■ **Instructions for the task**: Output all of the data exactly, keeping any images out of the copy.

■ **Information supplied**:
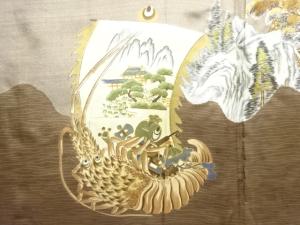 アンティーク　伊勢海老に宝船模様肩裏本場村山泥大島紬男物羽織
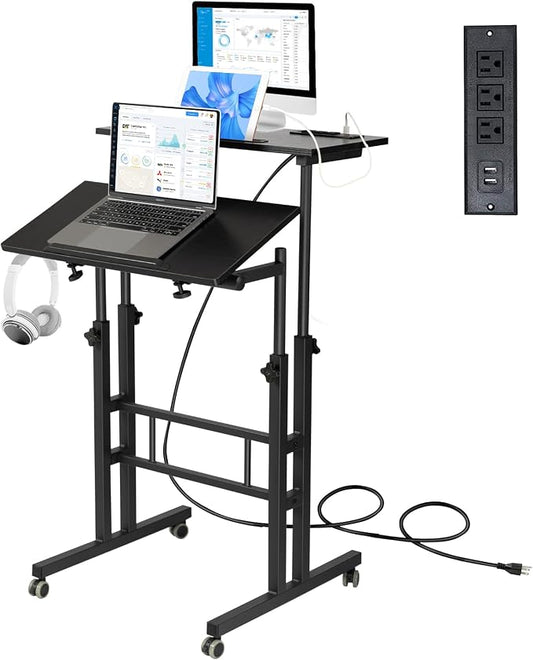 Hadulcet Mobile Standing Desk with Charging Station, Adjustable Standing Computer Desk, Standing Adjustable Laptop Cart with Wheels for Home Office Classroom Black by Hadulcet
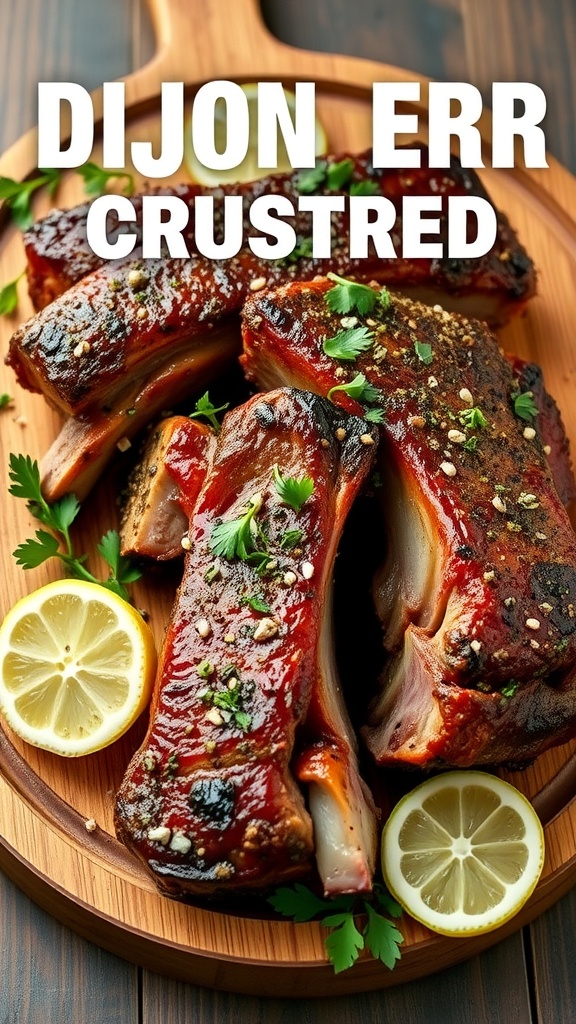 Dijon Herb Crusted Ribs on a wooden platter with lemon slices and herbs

■ **Exercise result**:
 アンティーク　伊勢海老に宝船模様肩裏本場村山泥大島紬男物羽織
 Hadulcet Mobile Standing Desk with Charging Station, Adjustable Standing Computer Desk, Standing Adjustable Laptop Cart with Wheels for Home Office Classroom Black by Hadulcet
 Dijon Herb Crusted Ribs on a wooden platter with lemon slices and herbs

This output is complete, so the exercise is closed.